Yerevan, 16 June 1999 (RFE/RL) - The skirmish earlier this week between Armenian and Azerbaijani forces along Nagorno-Karabakh's border demonstrates the shakiness of the ceasefire that stopped the bloodiest war in the former Soviet Union five years ago.
Tensions increased in the disputed region following statements from each of the conflicting parties accusing the other of provoking Monday's attack, which left at least two dead and several wounded.
However, observers in the Armenian capital, Yerevan, today downplayed the fighting, citing similar incidents in the past, facilitated by the absence of an international peacekeeping force in the Armenian-populated region.

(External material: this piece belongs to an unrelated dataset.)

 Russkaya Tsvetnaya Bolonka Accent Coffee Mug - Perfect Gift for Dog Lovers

Still, the incident seems to have caused jitters in some Western capitals, raising the specter of a renewed Armenian-Azerbaijani war. In an indication of Washington's serious concern, the U.S. State Department yesterday urged the conflicting parties to observe the ceasefire regime. A State Department spokesman warned that "any incidents in this volatile area carry the potential for renewed hostilities."

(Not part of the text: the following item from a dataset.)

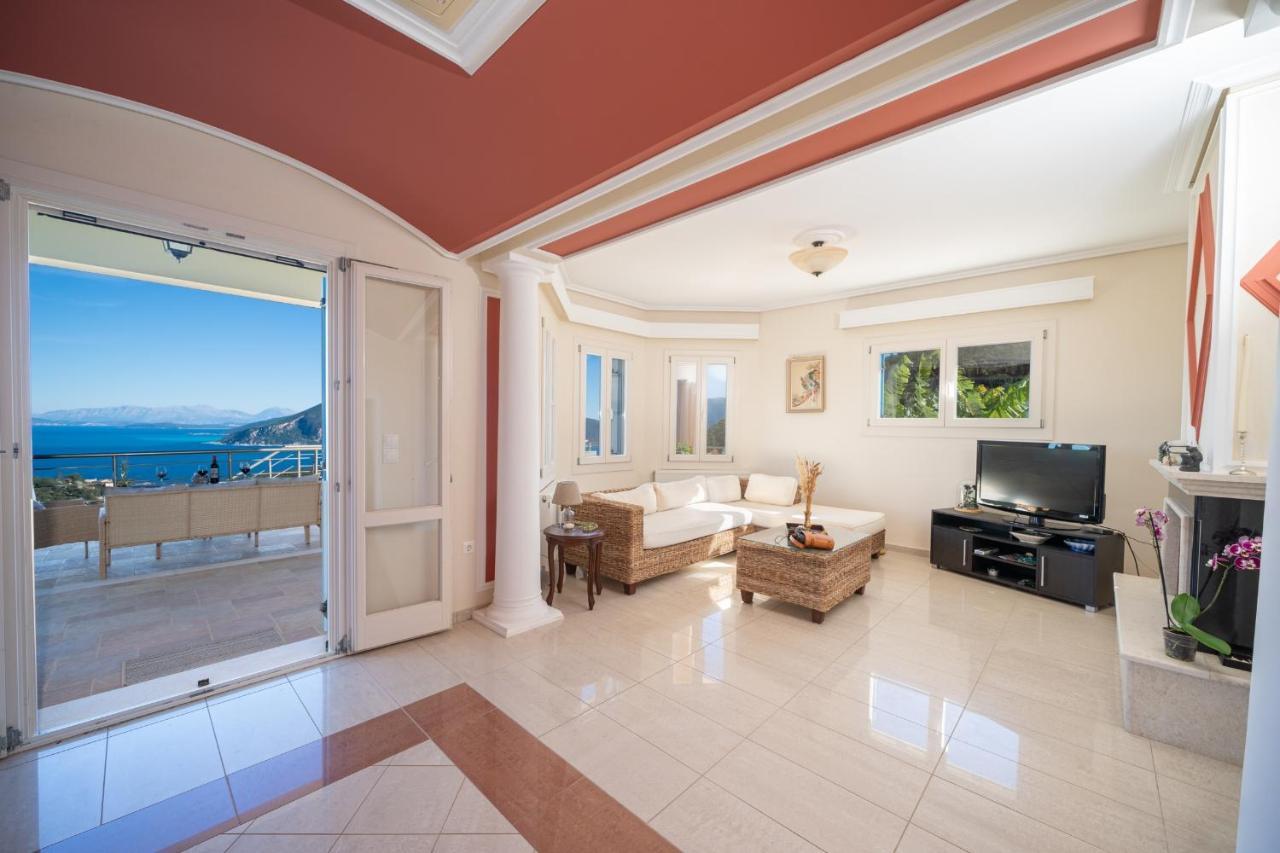 Private Gelia, With Panoramic 180 Degrees Sea View! Villa *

The prospect of renewed hostilities cannot be encouraging for Western nations mindful of the future of multi-billion-dollar oil contracts signed with Azerbaijan and other Caspian nations. What is projected to be the main pipeline transporting Azerbaijani oil to world markets passes less than 50 kilometers from the Karabakh frontline.
The absence of information from independent sources makes it difficult to establish the real picture of what happened on Monday along the northeastern section of Karabakh's border.
Azerbaijan said two of its soldiers were killed and four others wounded when their positions were attacked by Karabakh Armenian forces. It said the four-hour assault was beaten back.
The Karabakh Armenians offer a dramatically different version of the incident, saying that Azerbaijani army units tried to "bring their positions close to the (self-proclaimed) Nagorno-Karabakh Republic's frontier" but were forced to retreat after sustaining heavy casualties. The Stepanakert government said two Karabakh soldiers were wounded in the fighting.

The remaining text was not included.